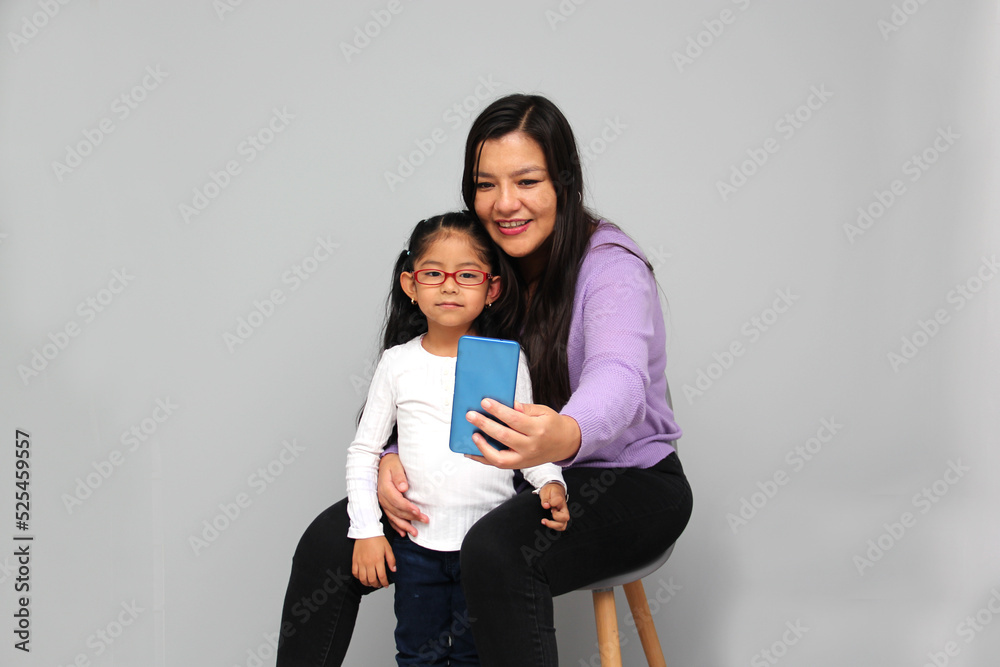 Single divorced Latina mom and daughter use cell phone to video call, take selfies, play video games, and shop online Single divorced Latina mom and daughter use cell phone to video call, take selfies, play video games, and shop online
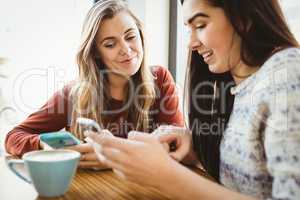 Friends using smartphone and having coffee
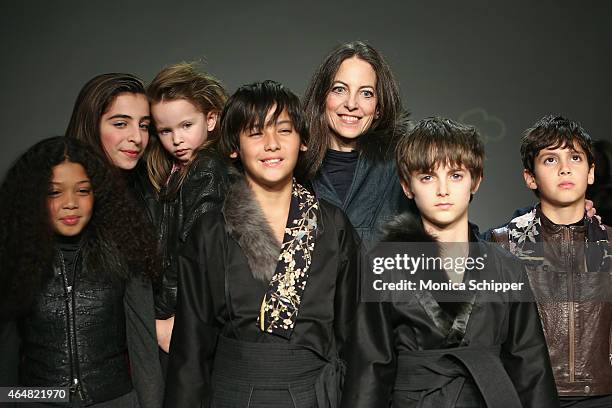 Designer Bonnie Young poses on the runway with her family and models at the Bonnie Young show during petitePARADE / Kids Fashion Week at Bathhouse...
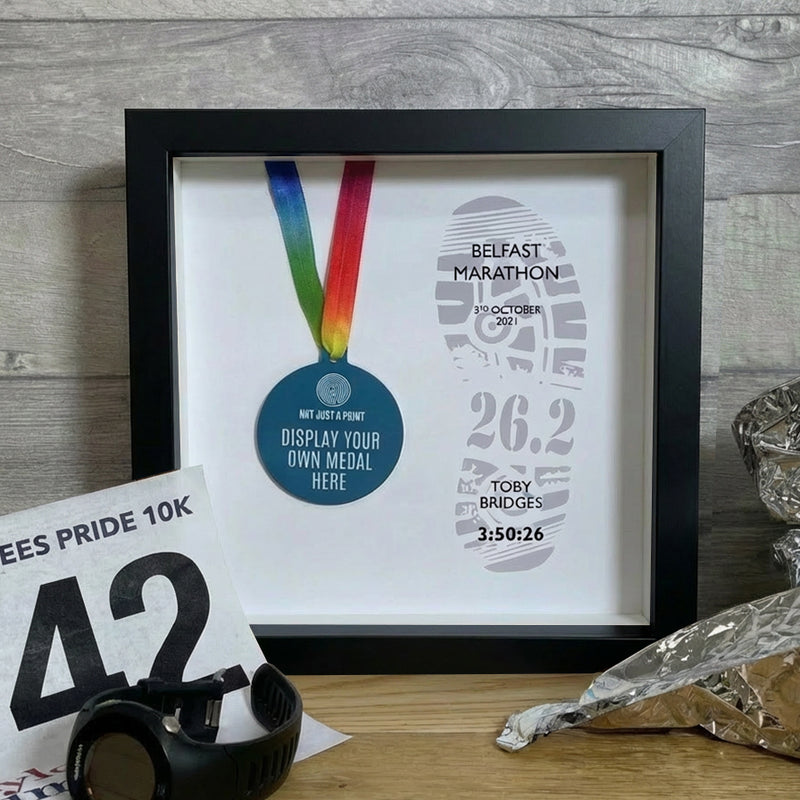 marathon medal inside a black and frame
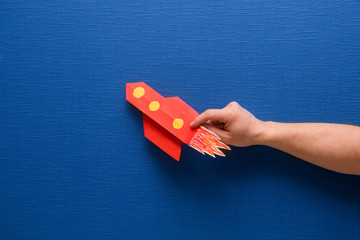 male hands hold a rocket from paper on a blue background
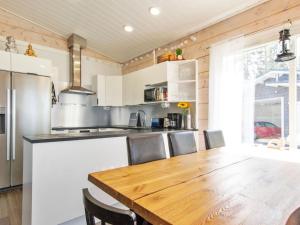 - une cuisine avec une table et des chaises en bois dans l'établissement Holiday Home Metsäpirtti by Interhome, à Keuruu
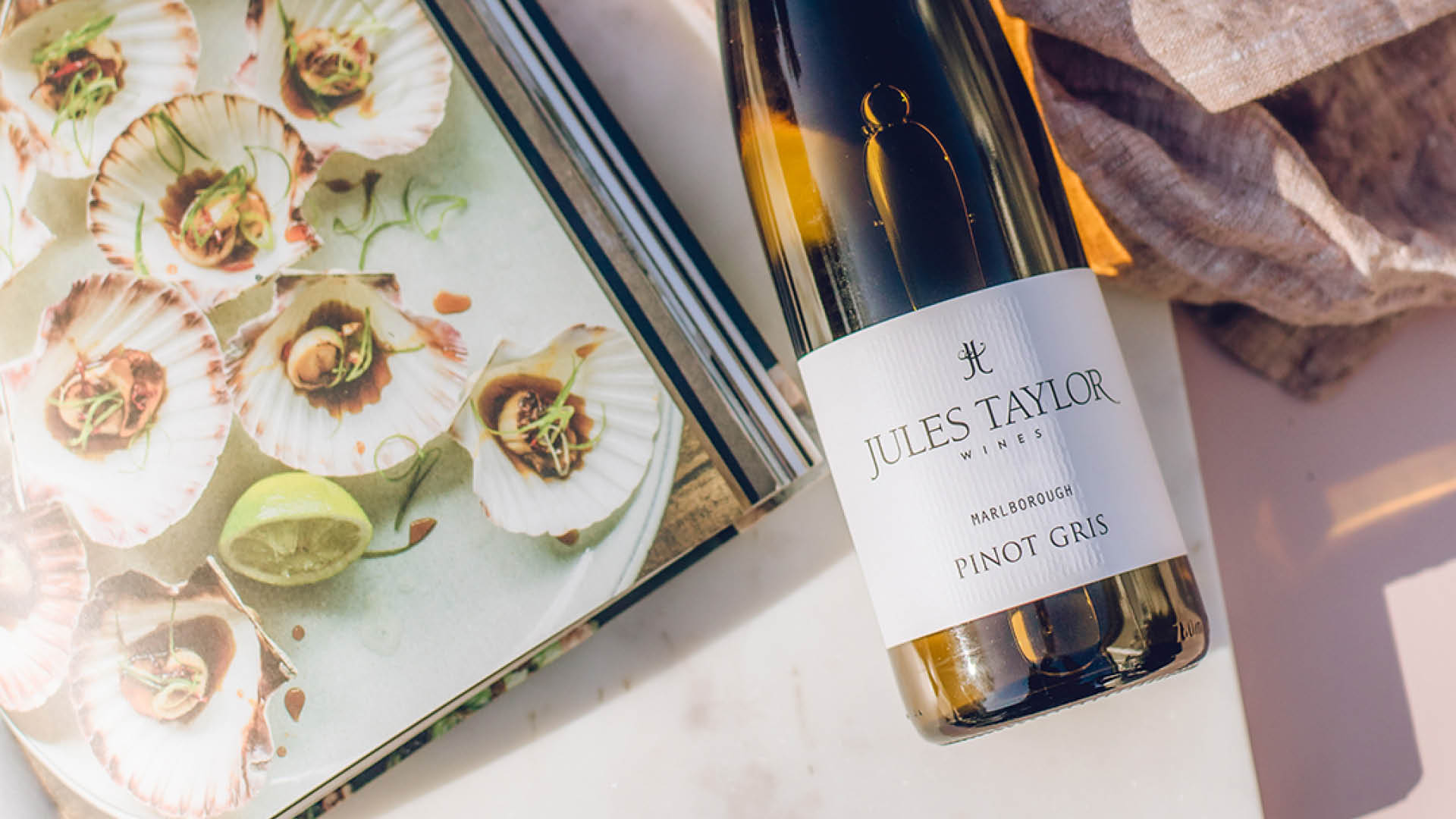A bottle of Jules Taylor Pinot Gris white wine lies diagonally on a light marble surface next to a printed cookbook featuring scallop dishes and a beige textured cloth.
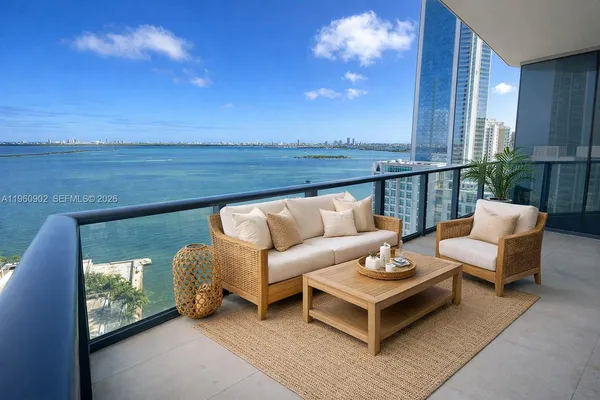 a balcony with furniture and a potted plant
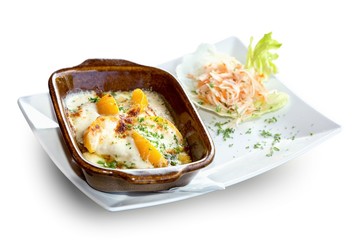 Baked chicken on peaches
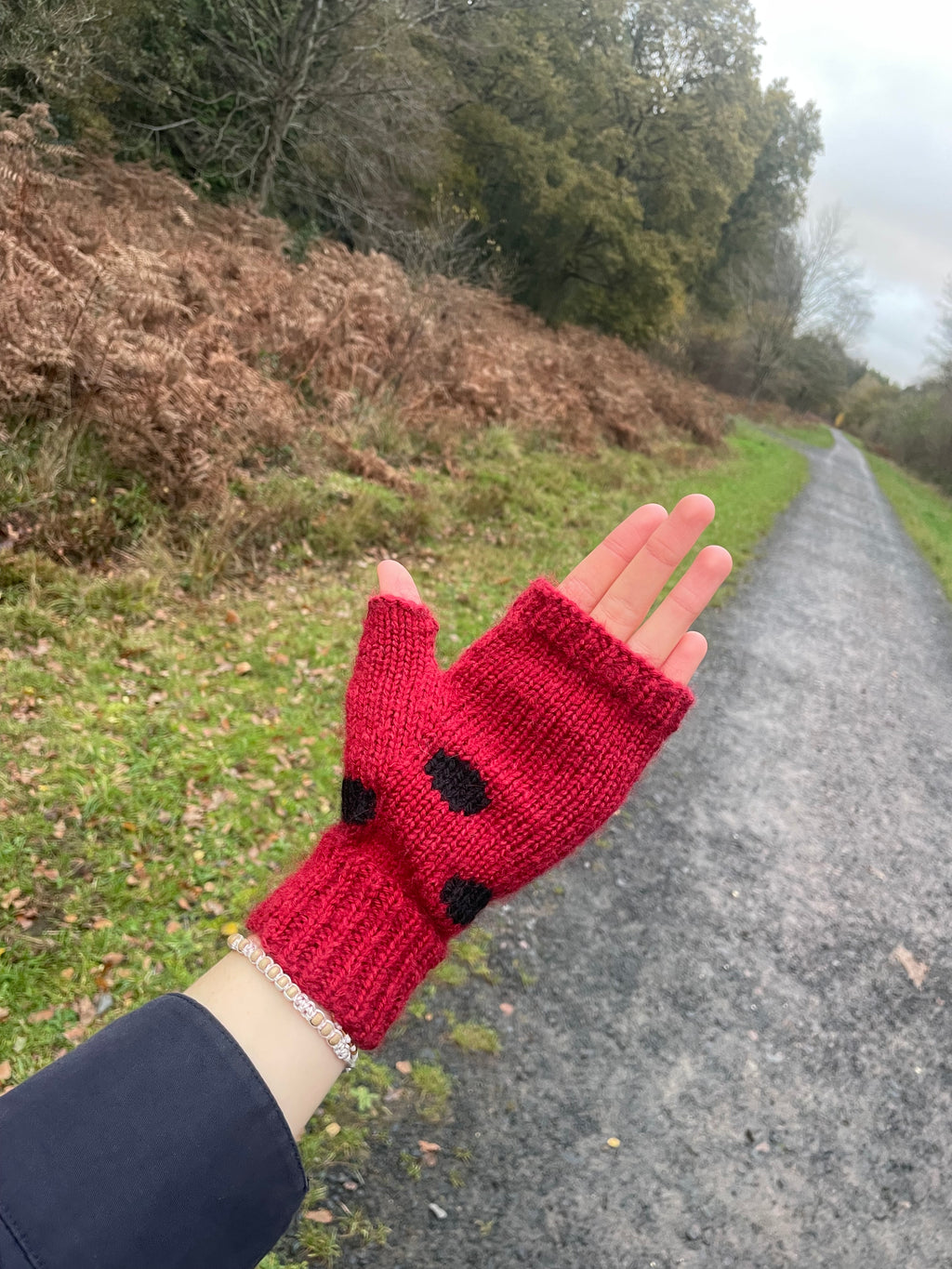 Red and black polka dot fingerless gloves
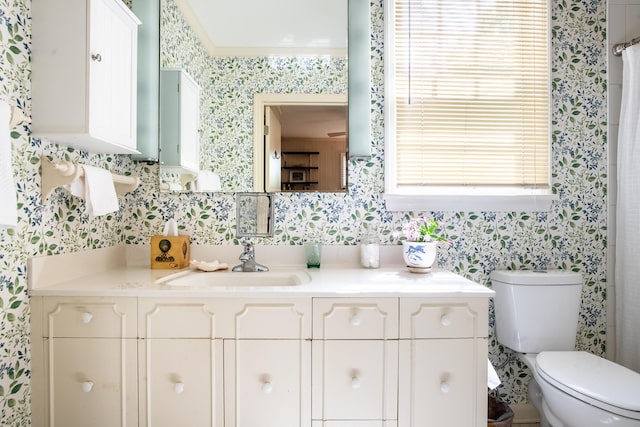 504 Fleetwood Dr, Lookout Mountain, TN 37350 - bathroom featuring vanity, toilet, and wallpapered walls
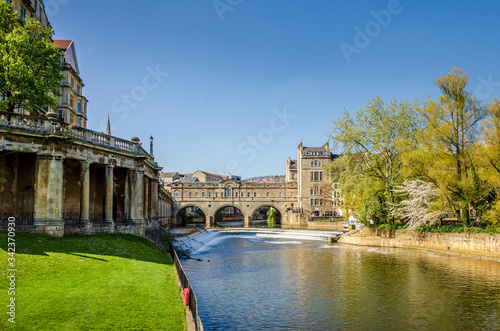 Landscape of the River Avon with Pulteney Bridge and the weir in the city of Bath, Somerset, UK on a clear and sunny Spring morning photo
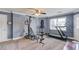 Home gym area with fitness equipment, carpet flooring, a ceiling fan, and a bright window with natural light at 1608 Mulberry Lake Dr, Dacula, GA 30019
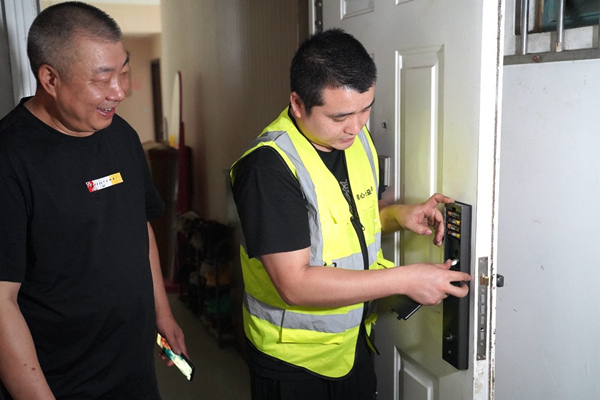 服務(wù)團(tuán)隊為退役老兵何忠明家更換智能鎖。美心集團(tuán)供圖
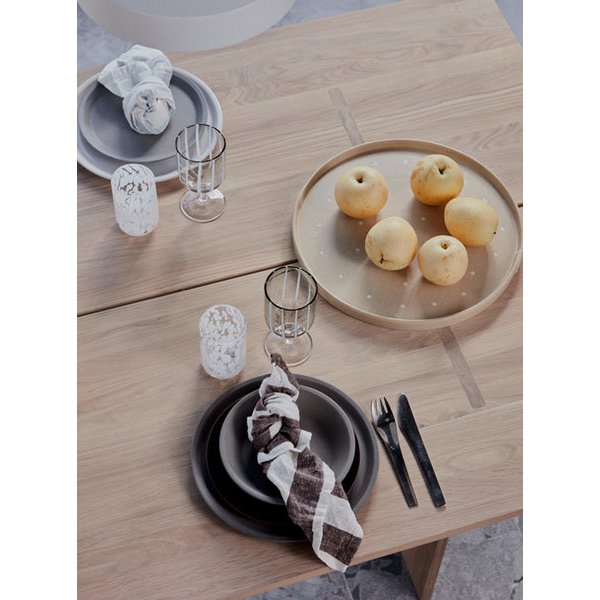 Dining table setting with plates, glasses, and apples on a wooden surface.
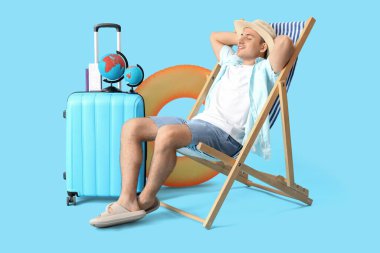 Küreleri ve bavulu olan erkek turist mavi arka planda, iskemlede oturuyor.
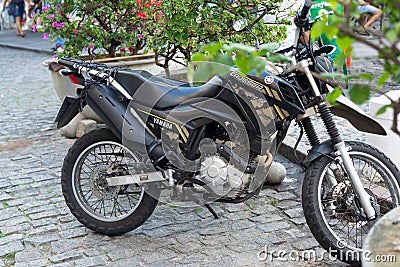 A Yamaha Crosser xtz 150 motorcycle stops on a street in Pelourinho, the historic center of the city of Salvador, Bahia Editorial Stock Photo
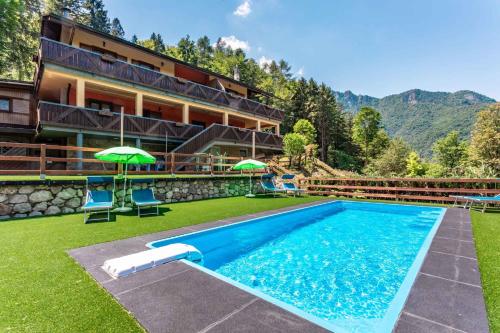 莱德罗Apartments in Pieve di Ledro/Ledrosee 22704的大楼前的带椅子和遮阳伞的游泳池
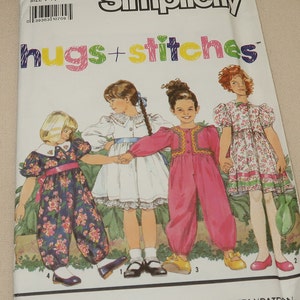 May include: Simplicity pattern 7033, hugs+stitches, for sizes 2-6X. The pattern includes four different outfits for girls: a floral jumpsuit, a white dress with lace trim, a pink jumpsuit with embroidery, and a floral dress with puffed sleeves.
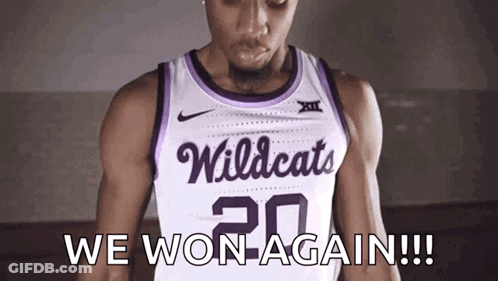 A Basketball Player Wearing A White And Purple Wildcats Jersey GIF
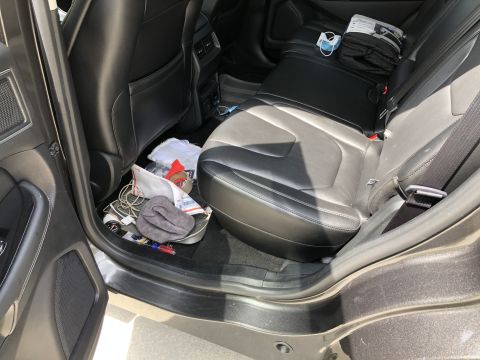 2019 Ford Everest - The interior of a dark-colored SUV shows the rear seats and floor with various items scattered on the floor mats. Visible items include cha…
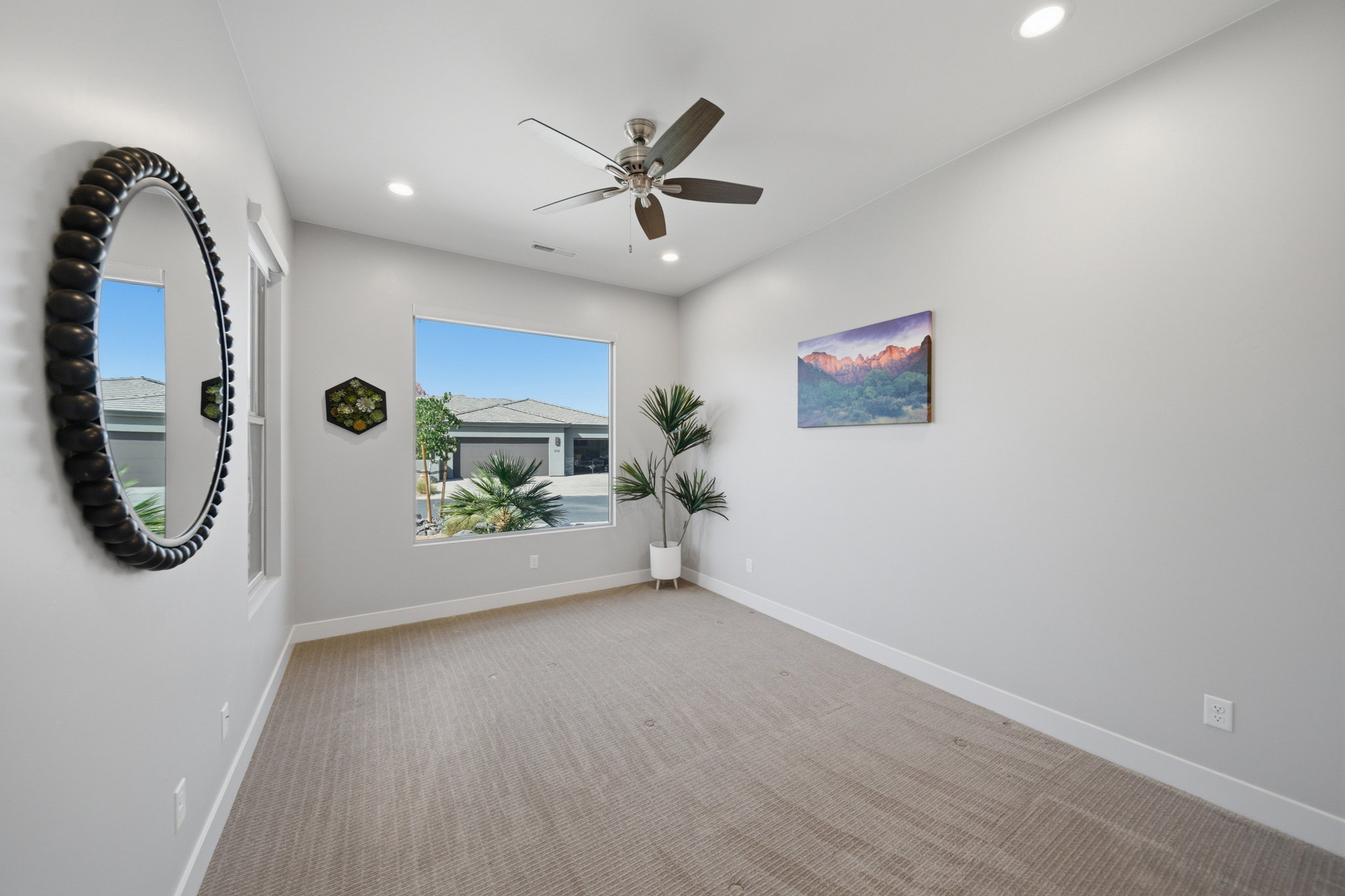 Spacious room featuring neutral carpet flooring, recessed lighting, and a modern ceiling fan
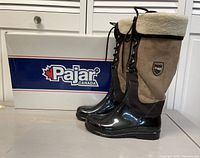 Pair of women's Pajar Canada winter boots showing glossy black waterproof lower, beige suede upper with wool cuff, positioned in front of original brand box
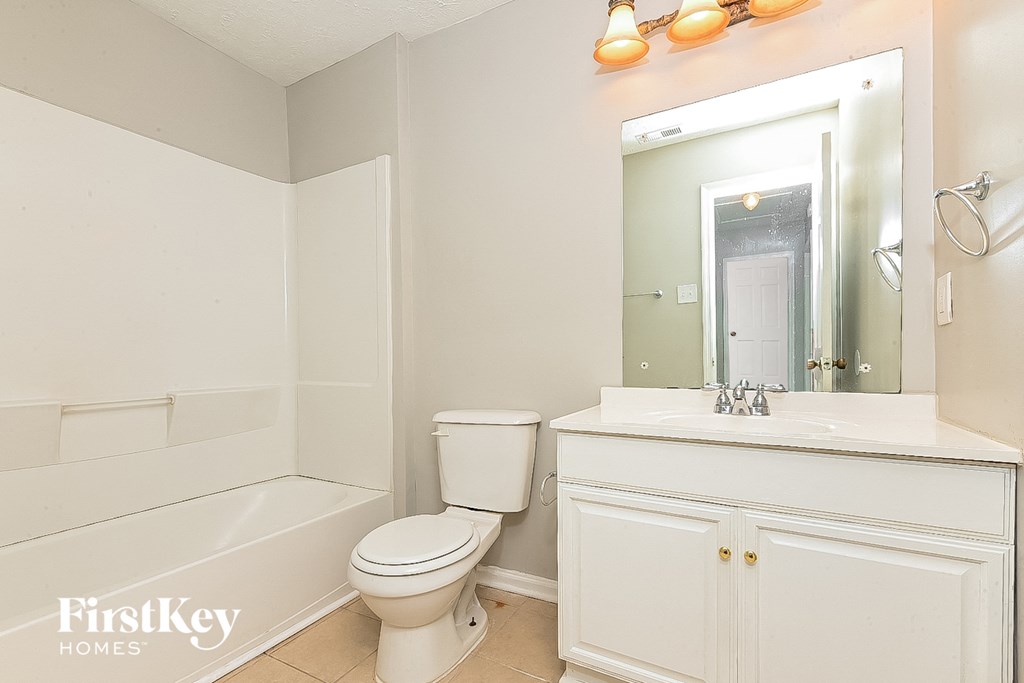 a bathroom with a sink toilet and a mirror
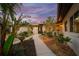 Landscaped entry with pathway to front door at 4817 Ocean Blvd, Sarasota, FL 34242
--------------------------------------------------
What to do - Only the lines from the start of the records to the line with "Designer Bonnie Young" belong in the copy. Print them exactly, minus pictures.

Completed task -
 Single divorced Latina mom and daughter use cell phone to video call, take selfies, play video games, and shop online Single divorced Latina mom and daughter use cell phone to video call, take selfies, play video games, and shop online
 Friends using smartphone and having coffee
 Designer Bonnie Young poses on the runway with her family and models at the Bonnie Young show during petitePARADE / Kids Fashion Week at Bathhouse...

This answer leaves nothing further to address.